Nationwide, prostate cancer is fatal twice as often for blacks as for whites; in North Carolina, the mortality rate for men is more than two and a half times that of white men, the highest in the country.
In a study reported in the July 15 issue of the journal Cancer, Duke researchers surveyed 231 men (117 black, 114 white) from 63 N.C. counties who had been diagnosed with prostate cancer between 1994 and 1995. The survey was designed to help determine whether a difference in treatment of the disease accounted for the state's high black mortality rate.
Lead author Wendy Demark-Wahnefried, Ph.D., said the study, plus statewide treatment data, effectively ruled out a difference in treatment options as the root of the disparity in mortality rates. Men who participated in the study reported having essentially the same choices for treatment. The phone survey further found that both black and white patients were equally satisfied with their cancer treatment, and that both groups cited their physicians as having the greatest influence on the choice of treatment. The patients' stage of disease largely dictated treatment options, the researchers said, showing adherence to accepted standards of care.
Patients in the study received treatment from one of 16 facilities in North Carolina.
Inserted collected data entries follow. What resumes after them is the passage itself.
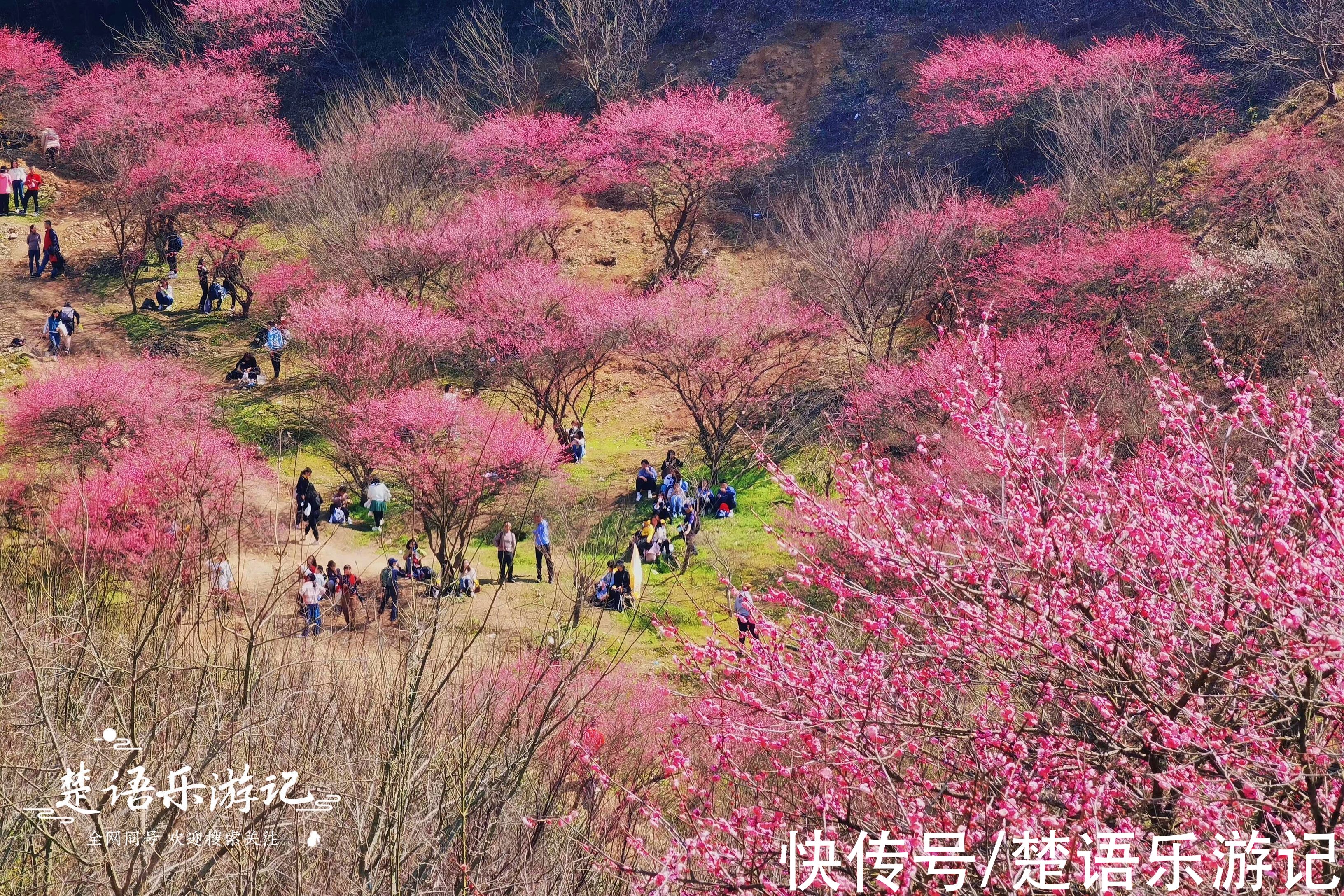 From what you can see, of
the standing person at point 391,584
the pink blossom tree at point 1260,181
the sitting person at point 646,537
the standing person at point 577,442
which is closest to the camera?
the standing person at point 391,584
Researchers concluded that with one exception, hormonal therapy, black men and white men were offered the same treatment options for their prostate cancer, including surgery, radiation and other therapies, and the option of "watchful waiting," where the patient's disease is monitored, but not actively treated unless it progresses. Black men were offered hormonal therapy less often than white men, though the study did not determine a reason for the difference.
Since black men also are diagnosed at later stages, when the disease is much harder to treat, the researchers are now studying whether there are differences in screening practices among blacks and whites and reasons why black men may not be screened routinely.
"African American men may have different beliefs about prostate cancer," Demark-Wahnefried said. "Although they realize that they may be at increased risk for the disease, they may not personalize that knowledge. They may think they are only at average risk. We need to learn more about why these mortality rates are so high."
She said the researchers also are analyzing data collected from ongoing studies to determine whether genetic and environmental factors play a role in mortality rates among African-American men. They are looking at diet, occupation, lifestyle and family history, among other factors.
The study, funded primarily by the Committee for Urologic Research, Education and Development at Duke and the N.C. Department of Health and Human Services, was the collaborative effort of researchers from Duke, UNC-Chapel Hill and the state of North Carolina.